2001-10-01 18:46:46

by Rob Landley

[permalink] [raw]
Subject: Re: Makefile gcc -o /dev/null: the dissapearing of /dev/null

On Saturday 29 September 2001 14:21, Jan-Benedict Glaw wrote:

> No-go. It's perfectly okay to remove an opened file. Test it yourself.
> You may even replace a running (!) executable...

Which isn't actually too frightening since the filehandle of an open file
counts as a link to the inode, so the inode won't actually be removed until
that file handle is closed. The associated disk space won't be freed until
then either, etc. And if you create a new file with the same name, it
doesn't change which inode your executable is currently bound to. It's like
renaming your existing file to something else and renaming some other file to
have that original name. Who cares? That's not the inode our file handle
points to. Deleting the last directory link just prevents new filehandles
from being opened against it (except maybe by dup(2), or forking a child that
inherits the parent's file handles...)

Slightly oversimplifying, running an executable opens the file and mmaps the
sucker in to your process space and jumps to the code, page faulting stuff in
as needed. If the directory entry that was used to open it is then renamed
or removed, the process doesn't care. It already has the file open, it's
happy.

This is also part of the magic (in linux/fs/exec.c) that makes shared
libraries work. mmaping in the same file twice can share physical pages
without having to do anything special. One cheap and easy (and ugly) way of
doing writable shared memory is to create a writable temp file, mmap it in
twice (once in each process), and then unlink it from the directory while
keeping it open and mapped in in both processes. It's ugly. It's easy.
It's portable. It's really ugly. It creates unnecessary disk access on a
lot of systems, but then so does swapping...

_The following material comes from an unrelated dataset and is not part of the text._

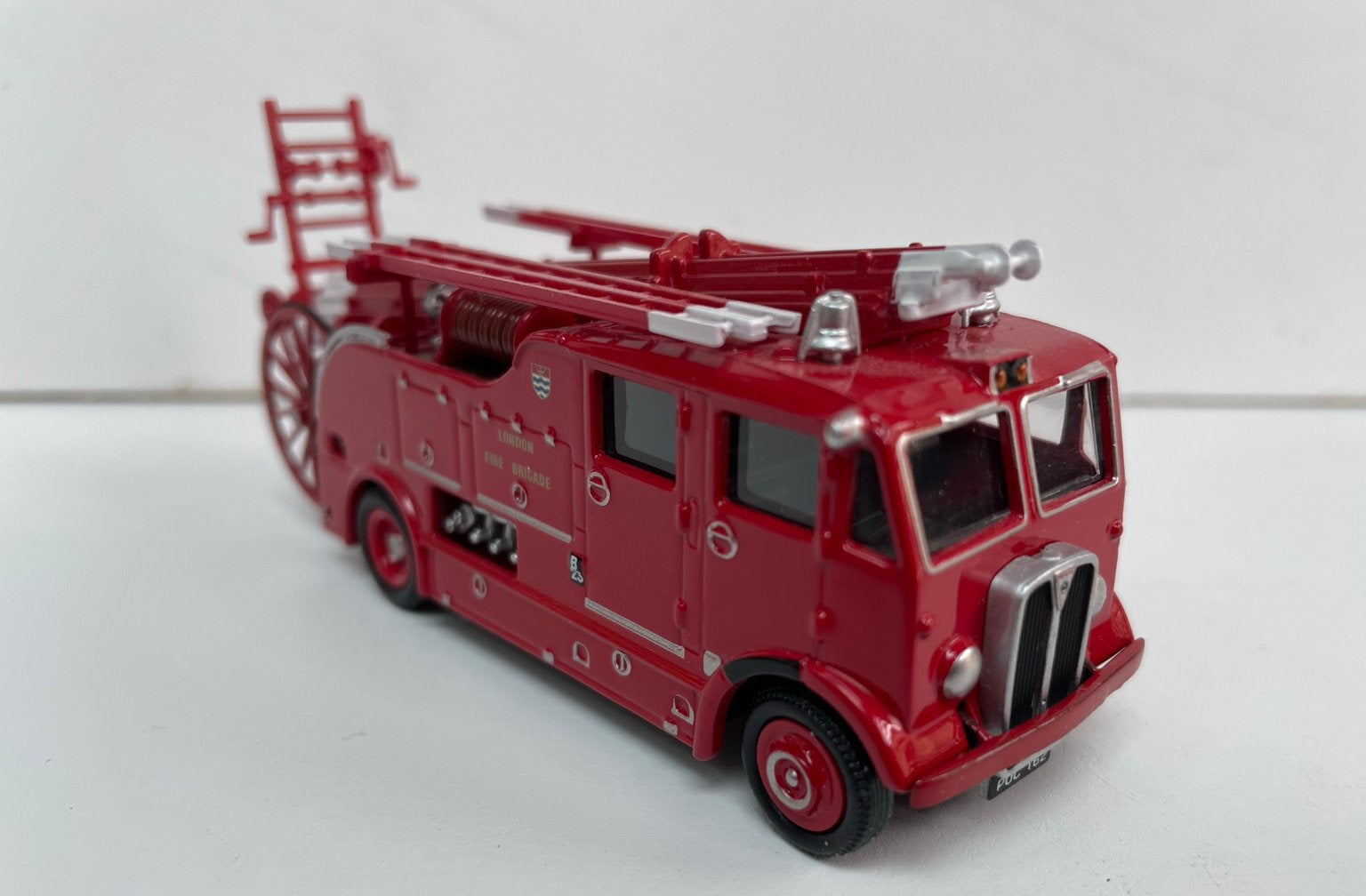 Dennis F 12 Brandweerwagen Model - Atlas Collections, Ophalen of Verzenden, Nieuw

Now opening an executable and WRITING to the file while it was running would
be fairly unpleasant. I believe changing its contents would change stuff in
memory, because of the mmap. (Correct me if I'm wrong.) But I seriously
doubt that's allowed.

The situation is slightly confused since so much stuff does an
open/truncate/write instead of an unlink/create/write. But if it didn't,
stuff like "cp bootnet.img /dev/fd0" wouldn't work as expected, and "echo
blah > /dev/null" would delete /dev/null and replace it with a short text
file. Not good. Since truncate on block devices is ignored, the above two
examples work as expected. (It also automatically maintains ownership and
permissions and such when editing other people's files that are world
writable or being twiddled by root. And there's no race condition between
deleting the old file and creating the new one...)

Rob